Göppert: After a good year in 2012, 2013 was less successful but I’ve seen demand rise again in the past few months. Lately I’ve noticed guests tend to rent large and luxurious objects before deciding to buy. Often it’s only then that they notice how difficult home ownership has become for foreigners in Switzerland. We need to advise clients correctly and only show them properties which are available for foreign ownership.
GL: Has the Saanenland lost its appeal for high-net-worth individuals?
Martin: It has lost some of its appeal not only for foreigners but for the Swiss! The Second Home Initiative restricts ownership for non-Swiss and Swiss alike, who want to buy a vacation home in a tourist area.

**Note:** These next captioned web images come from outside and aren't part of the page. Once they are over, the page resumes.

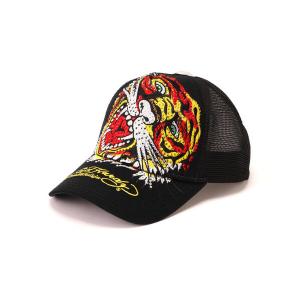 Ed Hardy（エド・ハーディー） メッシュキャップ キャップ 帽子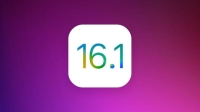 آبل تطلق iOS 16.1 و منتجات أخرى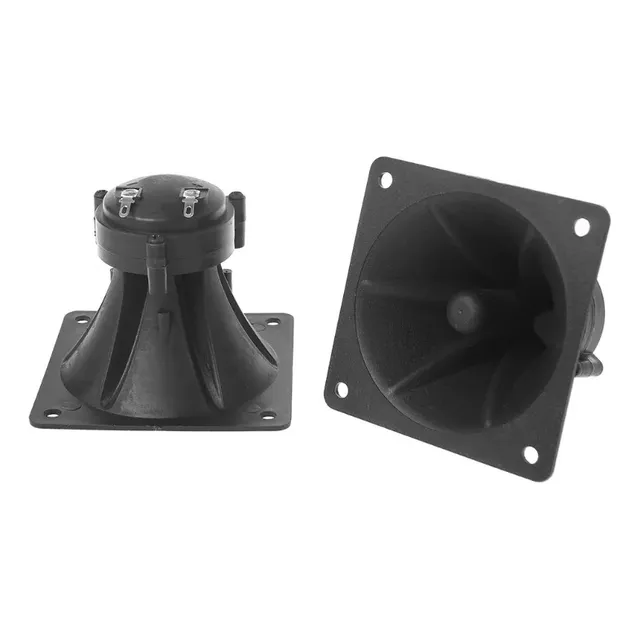 X2 Tweeter Piezo Eléctrico Pelv 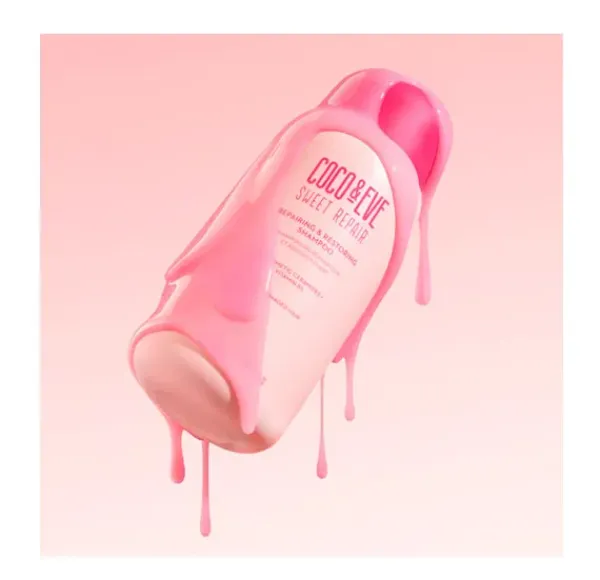 Sale COCO & EVE Champú Reparador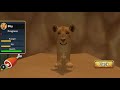 lion family sim online android ios gameplay hd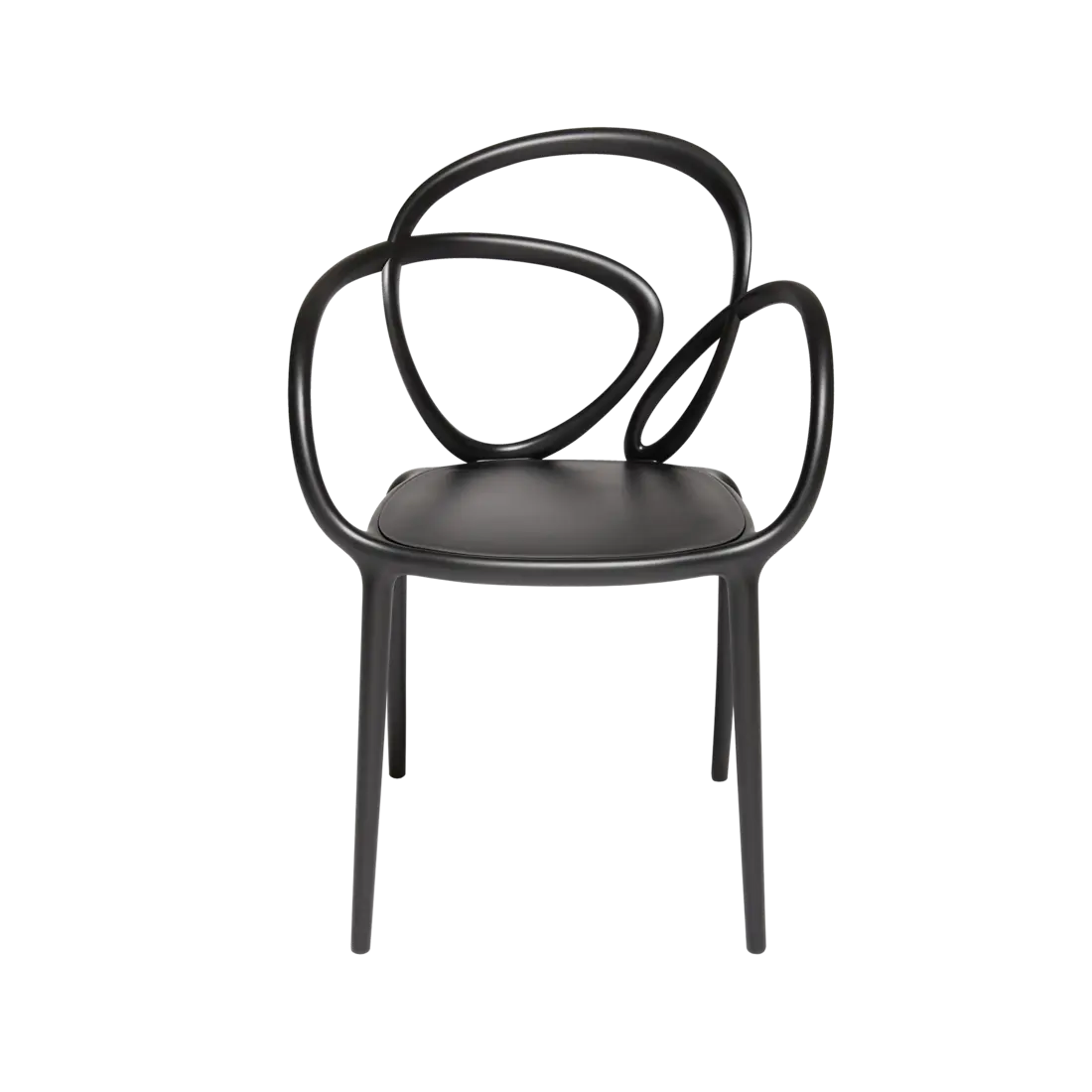 01-qeeboo-loop-chair-without-cushion-by-front--black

de Kostine: It’s not only the Second Home Initiative which has caused a decrease in interest; the loss of legal security in the country factors in. Changing (notably banking) legislation provokes uncertainty in buyers and pushes them to consider other locations worldwide. This is a new perception, that the country is not safe or attractive enough to potential buyers – this has not previously been an issue. Other issues include lump-sum and inheritance taxation.
Göppert: We have bigger fish to fry in the Saanenland … isses with the hospital and Bergbahnen, for example.
GL: What specific effects will the Second Home Initiative have on the region?
de Kostine: I think 2016 will be the year we see massive impact on the construction industry. Construction volume will decrease and as such jobs and apprenticeships might be lost.
Göppert: We need a positive outlook – even the Second Home Initiative can’t take away the great quality of life in the Saanenland. However we need to attract new guests to the region. Gstaad Saanenland Tourism has the right idea with the creation of new events and local initiatives.
Martin: Right now there is only an ordonnance. We need an application of the law as soon as possible in order to fully understand its implications.
GL: Yet the Saanenland remains popular … why? What could we improve here?
de Kostine: To remain attractive, we have to constantly reinvent ourselves, and have been doing so for half a century.
GL: Many people believe that real estate agents here live as kings? Is this true?
de Kostine: This is just a false perception from the outside! The decline of the real estate agent is a new phenomenon – even 20 years ago we had approximately five brokers in the area. Now with the flowering and deregulation of the industry this has been increased to 25 brokers.
Göppert: What is true is that in recent years, owing to stricter legislation, consulting expenses have increased dramatically. It is important that we answer to the requirements of the guests and show only properties which can legally be purchased. Several brokers have even abandoned the industry. Also, large companies active in Gstaad withdrew into their home territories. We even see that existing real estate agencies have been bought out by other agents.